DIRECTIONS FOR THIS TASK:
Start to finish, print the entries exactly, and carry none of the pictures over.

[Dataset entries]
------------------------------------------------
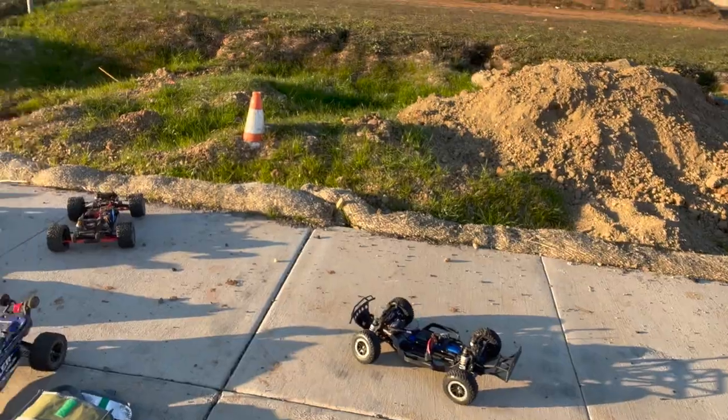Hey guys, I think I'm going to start heading back — it's pretty dark as you can see. So guys, we have arrived. It is the next day. We're going to get some more races in — we didn't get any races in yesterday.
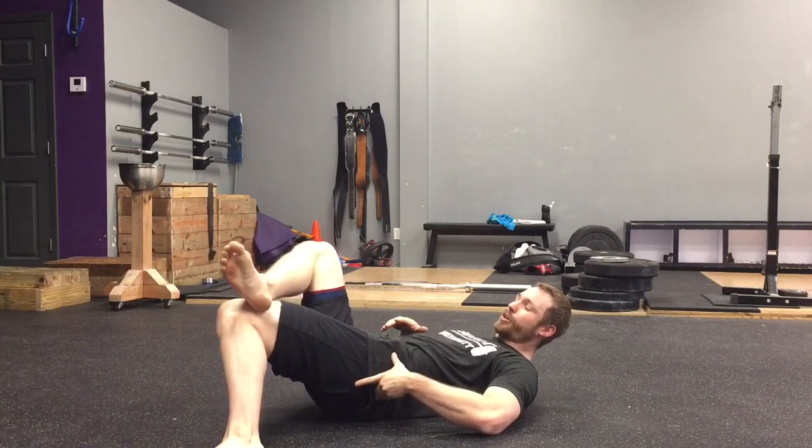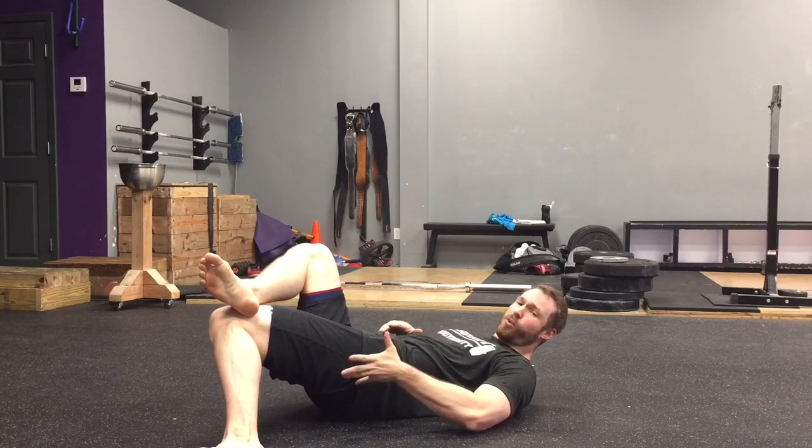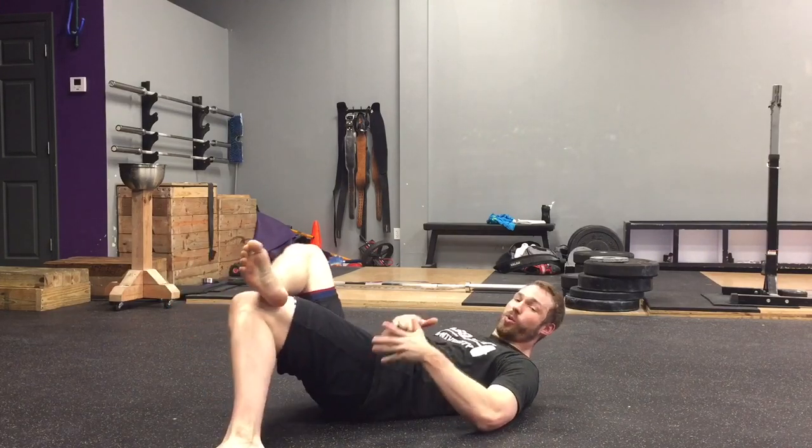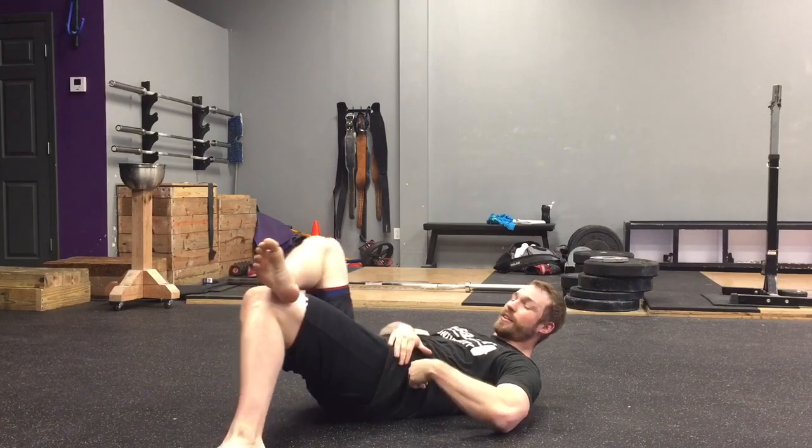You can even bring your foot on top to feel even more stretch there, but don't rock yourself over like this. You want to hold this for about ten seconds and then come back and perform about ten reps.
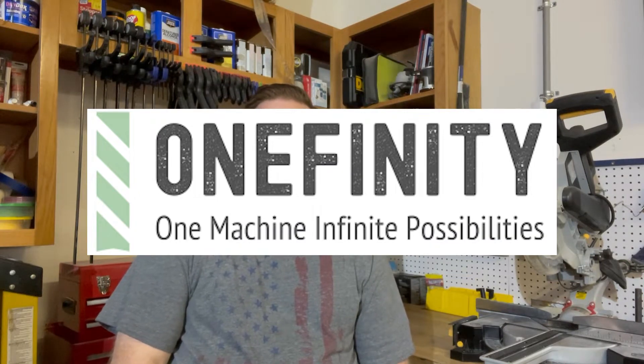In early spring of 2021, I bought a Onefinity Woodworker CNC online. It was going to be later that fall before it was actually delivered, so I had a lot of time to familiarize myself with Carbide Create, which is the software I planned on using with the Onefinity.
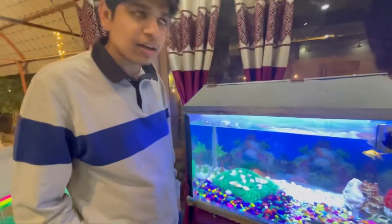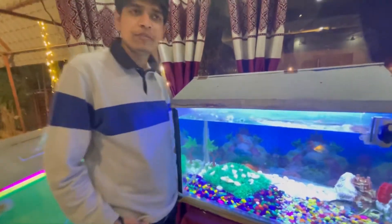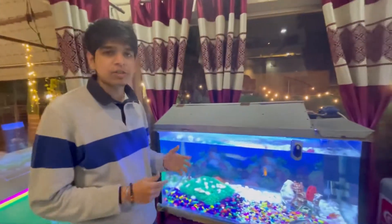This is about Arwana fish. Arwana fish is a very popular fish in the whole world. This is a very nice fish.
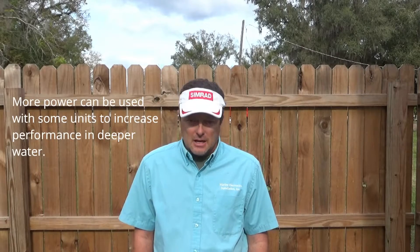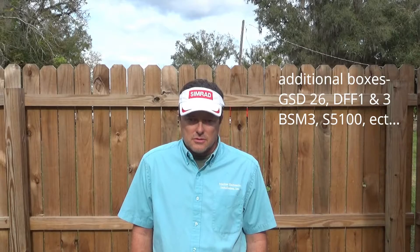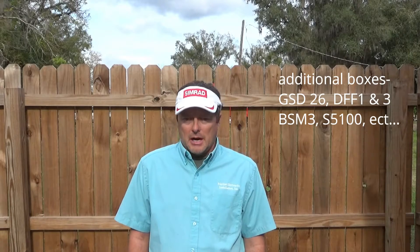A lot of times depth can be increased by adding power. We can use black boxes to do that, or some of the built-in units are more powerful than their competitors. Even with a high frequency transducer, if you get enough power, you can get down to 1,000 — even 1,500 feet or more. Sometimes you can make up for the lack of performance at deeper water by adding a black box, which is an additional box that goes on the system and increases the power output of the transducer.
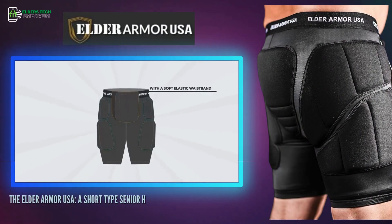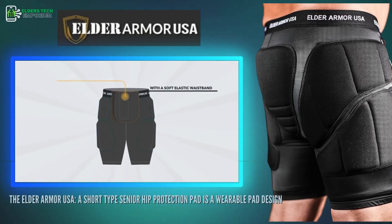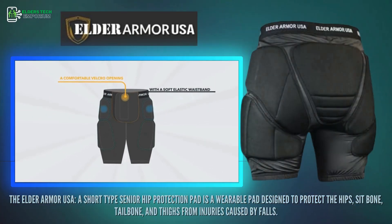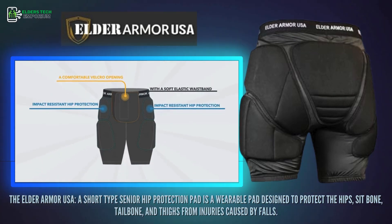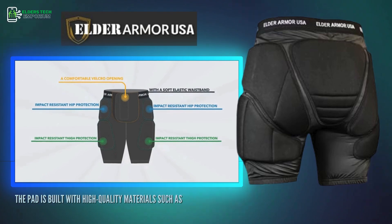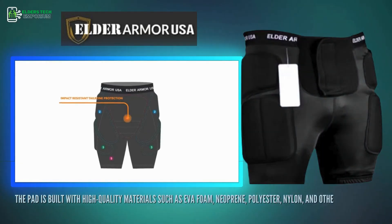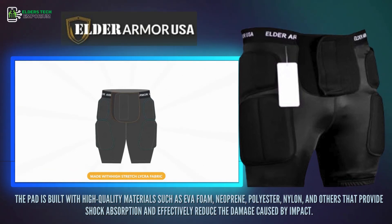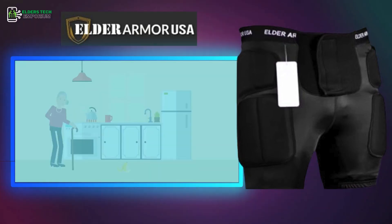The Elder Armor USA, a short type senior hip protection pad, is a wearable pad designed to protect the hips, sit bone, tailbone and thighs from injuries caused by falls. The pad is built with high quality materials such as EVA foam, neoprene, polyester, nylon and others that provide shock absorption and effectively reduce the damage caused by impact.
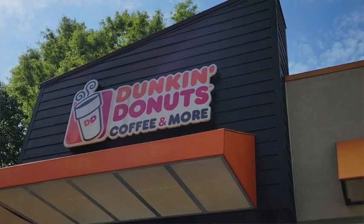Dunkin' Donuts just came out with a new, crazy, wild, stupid, flavorful-looking country donut. And I'm about to tell you what it's looking like and what it is.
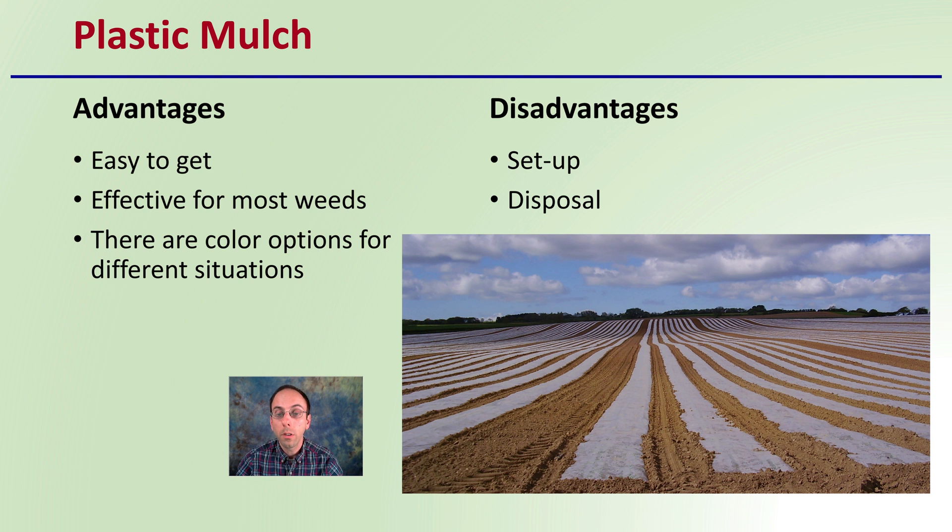The disadvantages with plastic mulch include the initial setup process, which can be labor intensive or require special equipment. Also, at the end of the season, the disposal of the plastic mulch can present an issue for growers.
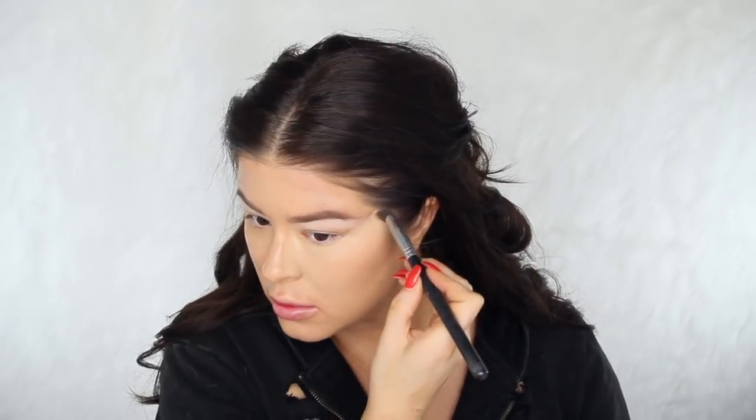I'm going to go ahead and conceal my under eyes using my NARS Soft Matte Cream Concealer in the color Custard. I can still see some breakout scars peeking through, but that doesn't really bother me personally. I don't like to use foundation as a one-stop shop for perfecting the skin — I just think it's too heavy. I'm 90% sure you could build this up to a full-blown impenetrable force of foundation, but I just didn't want to keep adding to it.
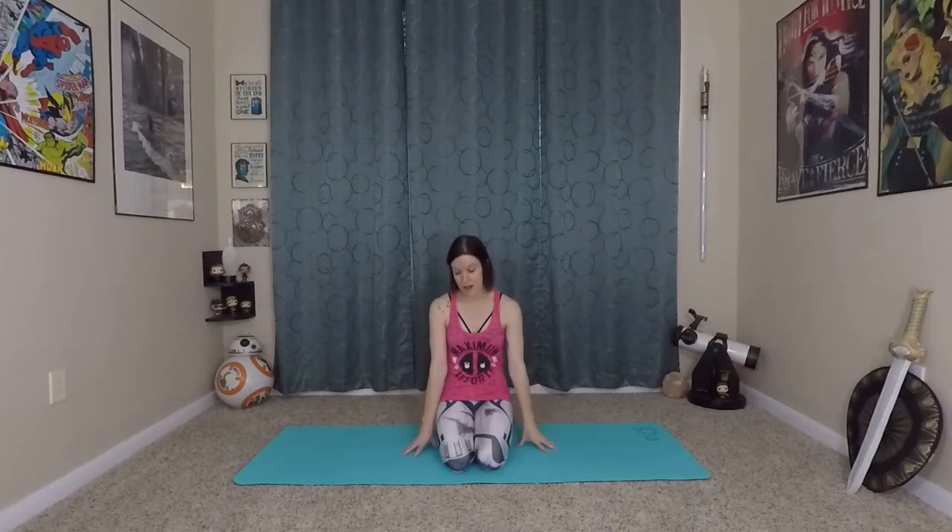Keep that breath going through your entire practice. That is one way you can level up your flow — just by putting that breath into everything that you do. But we're going to talk about those three key things: foundation, core, and expression.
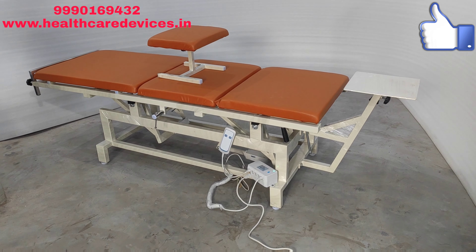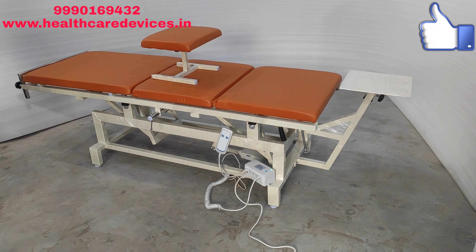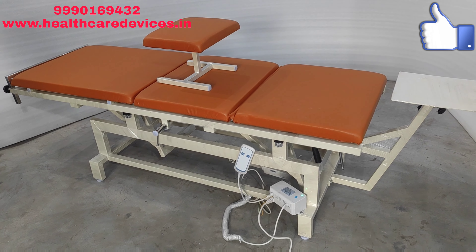Hello friends, how are you guys? I have come again with a better video. So friends, today we are going to demo the high-low bed with traction.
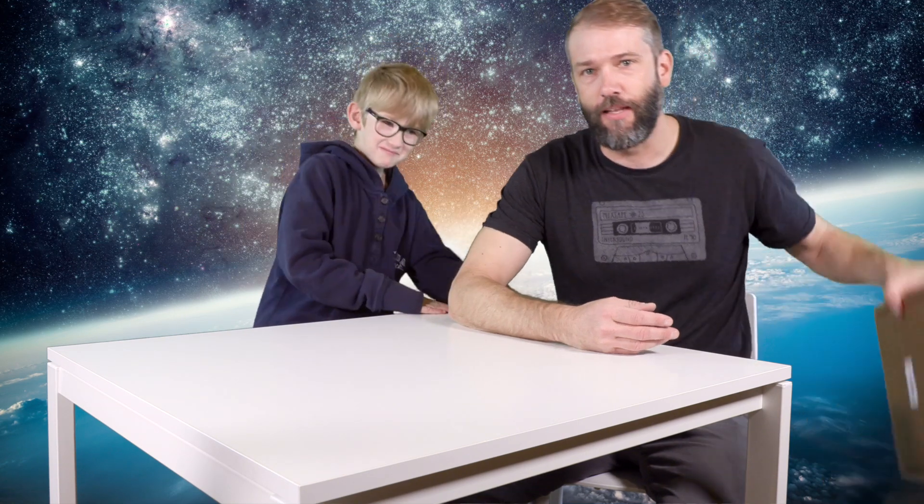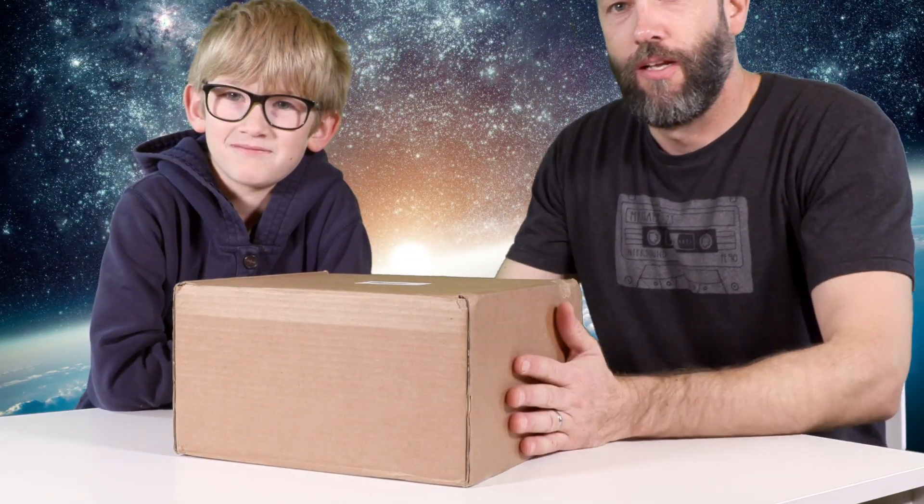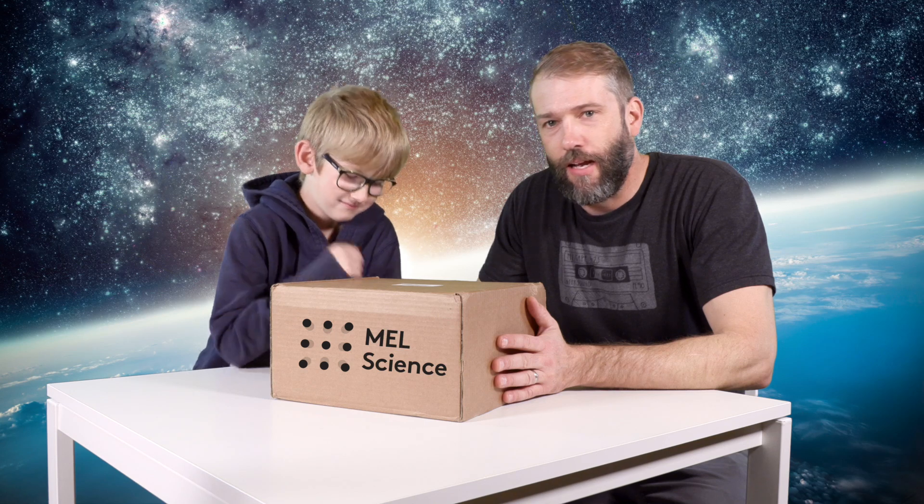We have something interesting to show you today, and it came in a brown box that looks like this. Inside this box is a science chemistry activity that was sent to us by M.E.L. Science. This is like a monthly subscription box thing that is popular, just like KiwiCrate, that's popular with homeschoolers and sort of active science families. They sent us this because they wanted to get our take on it and show you guys what's inside and how it all works.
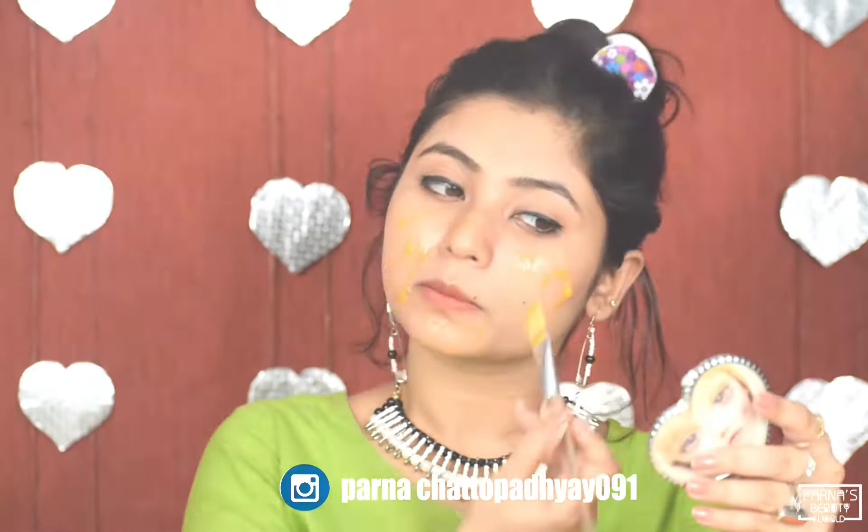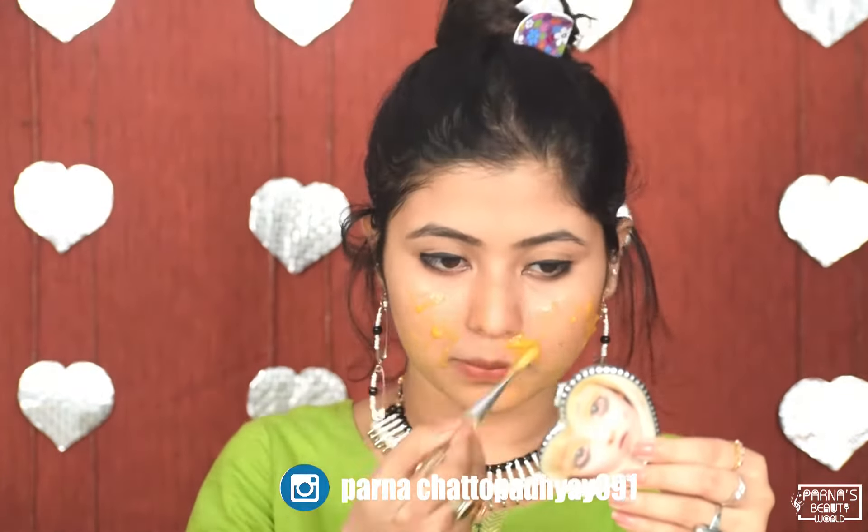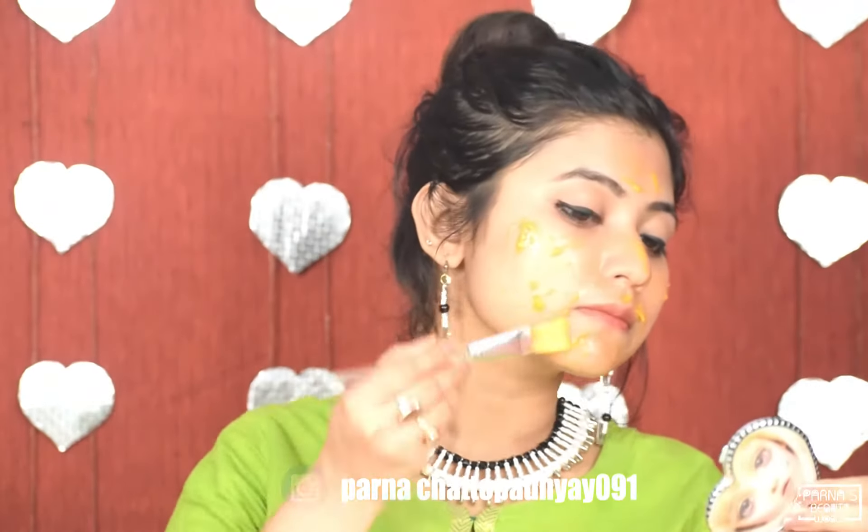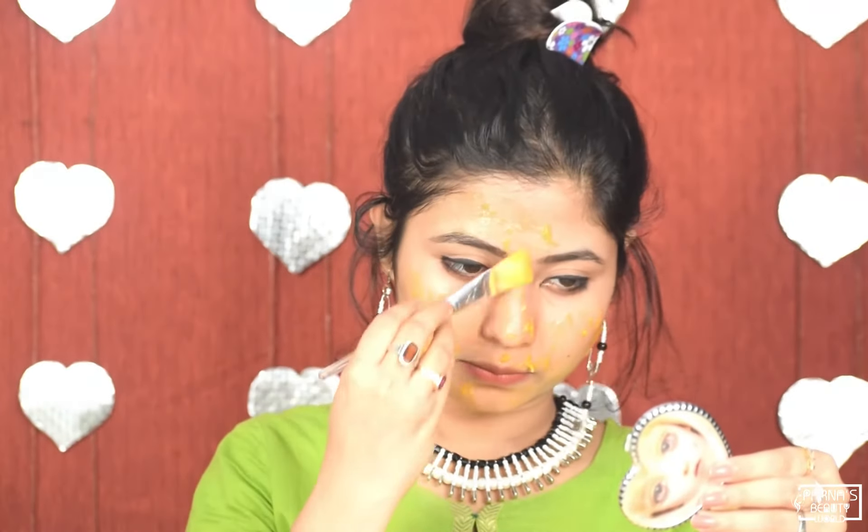I will add lemon juice and mix it in nicely. Vitamin C prevents free radicals on our skin and stops aging problems. Lemon has skin lightening properties. I have put this pack on my full face.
------------------------------------------------
RESULT FOR THIS TASK:
Hey guys, I think I'm going to start heading back — it's pretty dark as you can see. So guys, we have arrived. It is the next day. We're going to get some more races in — we didn't get any races in yesterday.
You can even bring your foot on top to feel even more stretch there, but don't rock yourself over like this. You want to hold this for about ten seconds and then come back and perform about ten reps.
In early spring of 2021, I bought a Onefinity Woodworker CNC online. It was going to be later that fall before it was actually delivered, so I had a lot of time to familiarize myself with Carbide Create, which is the software I planned on using with the Onefinity.
This is about Arwana fish. Arwana fish is a very popular fish in the whole world. This is a very nice fish.
A lot of times depth can be increased by adding power. We can use black boxes to do that, or some of the built-in units are more powerful than their competitors. Even with a high frequency transducer, if you get enough power, you can get down to 1,000 — even 1,500 feet or more. Sometimes you can make up for the lack of performance at deeper water by adding a black box, which is an additional box that goes on the system and increases the power output of the transducer.
The Elder Armor USA, a short type senior hip protection pad, is a wearable pad designed to protect the hips, sit bone, tailbone and thighs from injuries caused by falls. The pad is built with high quality materials such as EVA foam, neoprene, polyester, nylon and others that provide shock absorption and effectively reduce the damage caused by impact.
Dunkin' Donuts just came out with a new, crazy, wild, stupid, flavorful-looking country donut. And I'm about to tell you what it's looking like and what it is.
The disadvantages with plastic mulch include the initial setup process, which can be labor intensive or require special equipment. Also, at the end of the season, the disposal of the plastic mulch can present an issue for growers.
I'm going to go ahead and conceal my under eyes using my NARS Soft Matte Cream Concealer in the color Custard. I can still see some breakout scars peeking through, but that doesn't really bother me personally. I don't like to use foundation as a one-stop shop for perfecting the skin — I just think it's too heavy. I'm 90% sure you could build this up to a full-blown impenetrable force of foundation, but I just didn't want to keep adding to it.
Keep that breath going through your entire practice. That is one way you can level up your flow — just by putting that breath into everything that you do. But we're going to talk about those three key things: foundation, core, and expression.
Hello friends, how are you guys? I have come again with a better video. So friends, today we are going to demo the high-low bed with traction.
We have something interesting to show you today, and it came in a brown box that looks like this. Inside this box is a science chemistry activity that was sent to us by M.E.L. Science. This is like a monthly subscription box thing that is popular, just like KiwiCrate, that's popular with homeschoolers and sort of active science families. They sent us this because they wanted to get our take on it and show you guys what's inside and how it all works.
I will add lemon juice and mix it in nicely. Vitamin C prevents free radicals on our skin and stops aging problems. Lemon has skin lightening properties. I have put this pack on my full face.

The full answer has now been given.